The aim was to improve the state of the art in the robust and accurate interpretation of dialogue. Part of this work involved building, in collaboration with Jason Baldridge, the first dialogue parser that automatically learns how to assign a discourse structure to dialogues from the scheduling domain. The discourse structures that are assigned to the dialogues allow one to construct deterministically a logical form to the dialogue in the style of SDRT, with the sentences being assigned their logical forms as chosen through the Redwoods corpus (gold standard) or through existing statistical parse selection models for the English Resource Grammar. The result is a statistical interpretation model of scheduling dialogues whose output has a truth conditional interpretation that stems from (a) the ERG (since in the ERG all parses are assigned a compositional semantic interpretation) and (b) the rhetorical relations that appear in the discourse structure. The latter feature allows one to compute aspects of meaning that go beyond the grammar, such as the underlying goal of the dialogues, and resolve anaphoric terms such as 3pm (e.g., to 3pm on 26/05/04).

We are exploring the ways in which active learning can speed up the annotation process. Within the realm of parsing, we have found that by using active learning one can achieve results on the parse selection task with half the training data that one would need to achieve similar results when the training examples are chosen randomly.

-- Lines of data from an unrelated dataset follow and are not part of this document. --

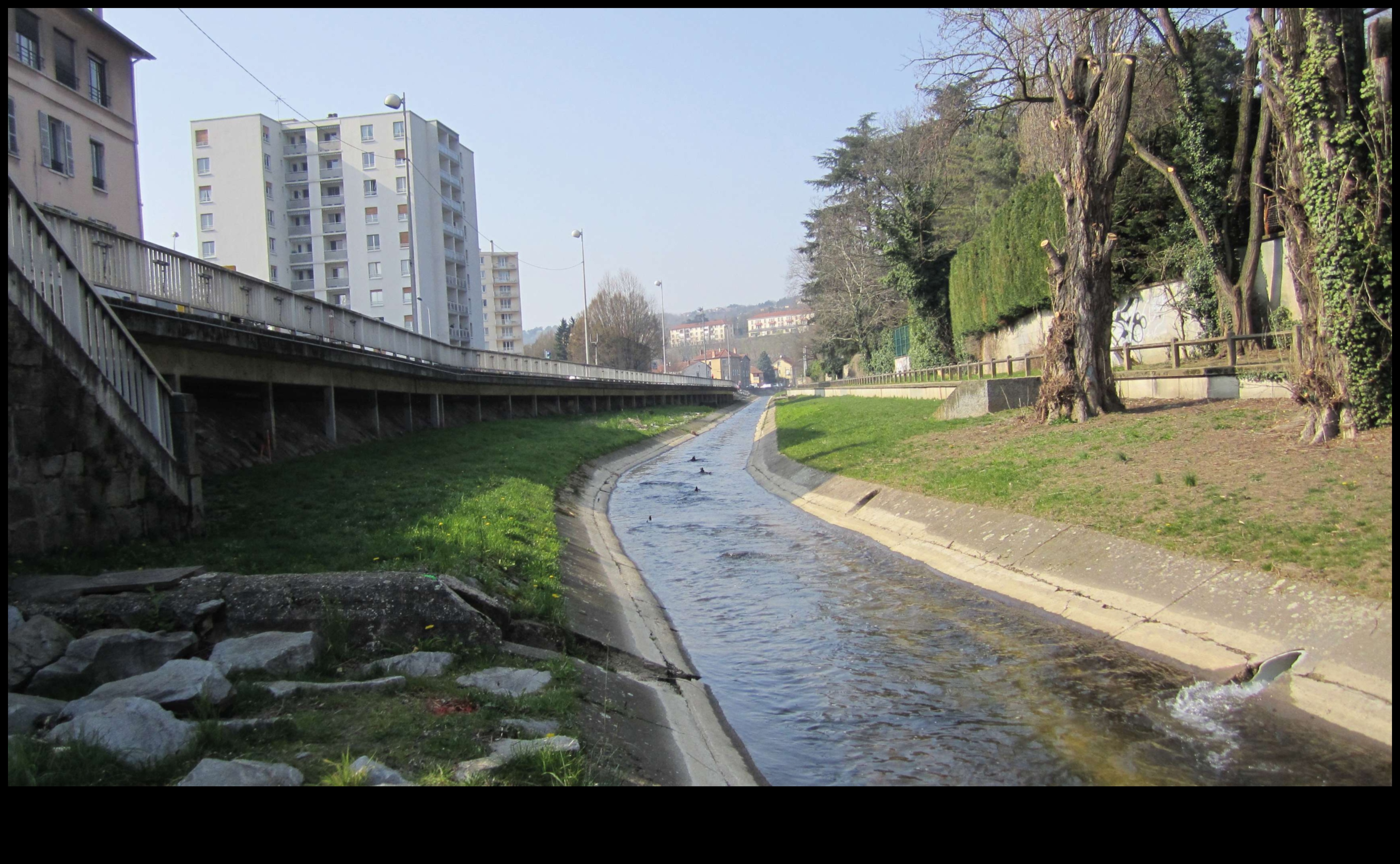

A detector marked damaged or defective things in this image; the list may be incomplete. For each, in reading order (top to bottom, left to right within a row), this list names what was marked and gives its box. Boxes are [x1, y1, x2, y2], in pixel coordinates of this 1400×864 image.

cracked concrete [750, 400, 1383, 745] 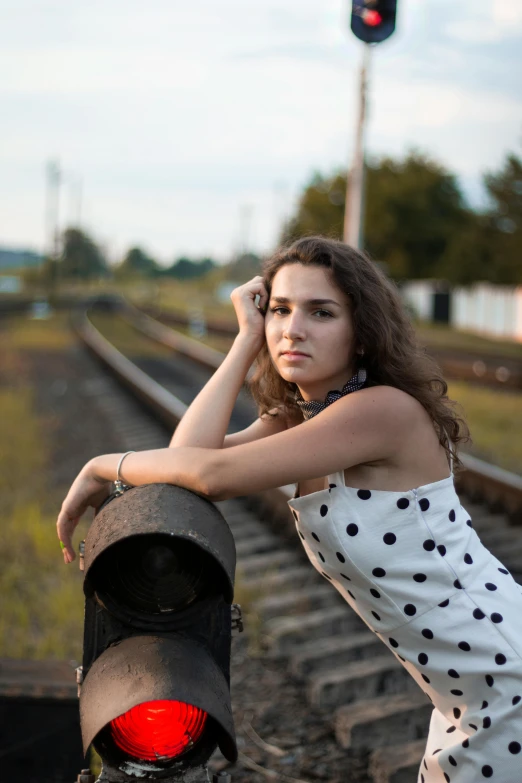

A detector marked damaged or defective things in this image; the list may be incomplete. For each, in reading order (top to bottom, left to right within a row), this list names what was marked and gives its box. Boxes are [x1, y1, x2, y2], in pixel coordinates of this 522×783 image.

rusty metal signal housing [79, 484, 238, 776] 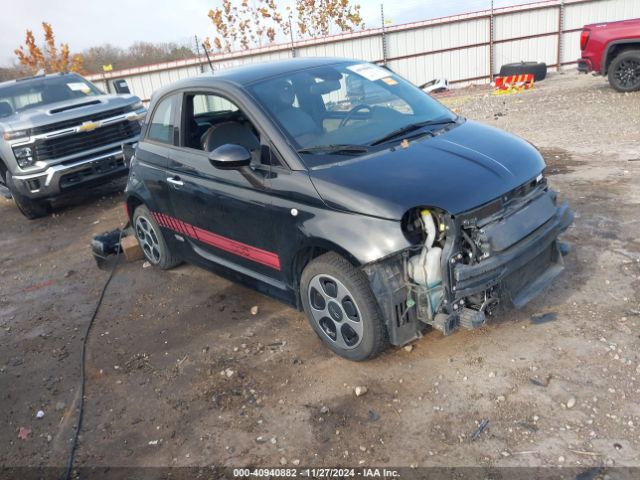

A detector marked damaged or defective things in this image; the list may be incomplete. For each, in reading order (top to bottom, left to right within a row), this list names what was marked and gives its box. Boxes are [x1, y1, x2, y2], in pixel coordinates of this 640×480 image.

black damaged car [125, 58, 576, 360]
damaged front bumper [364, 186, 576, 346]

A part of this work also involved developing new models of semantic underspecification. In collaboration with Ann Copestake and Dan Flickinger, I devised a constraint-based approach to constructing underspecified logical forms on the syntax/semantics interface that is more constrained than the lambda calculus. This is implemented in the grammar development environments and parsing and generation platforms provided by the Delphin Framework. More recently, in collaboration with Ann Copestake and Alexander Koller, I have helped to design the syntax, semantics and proof theory for a formal language that is maximally flexible in the type of semantic information that can be left underspecified: it can express not only the standard underspecified information about semantic scope and antecedents to anaphora, but in addition it allows one to underspecify the arity of predicates, the arguments they take, and the argument position of a variable to a predicate. This makes the language ideal for building semantic components to shallow language processors (from POS taggers to intermediate statistical parsers), where information about syntactic dependencies and/or lexical subcategorisation may be missing. My research on gesture draws on this work on underspecified semantics.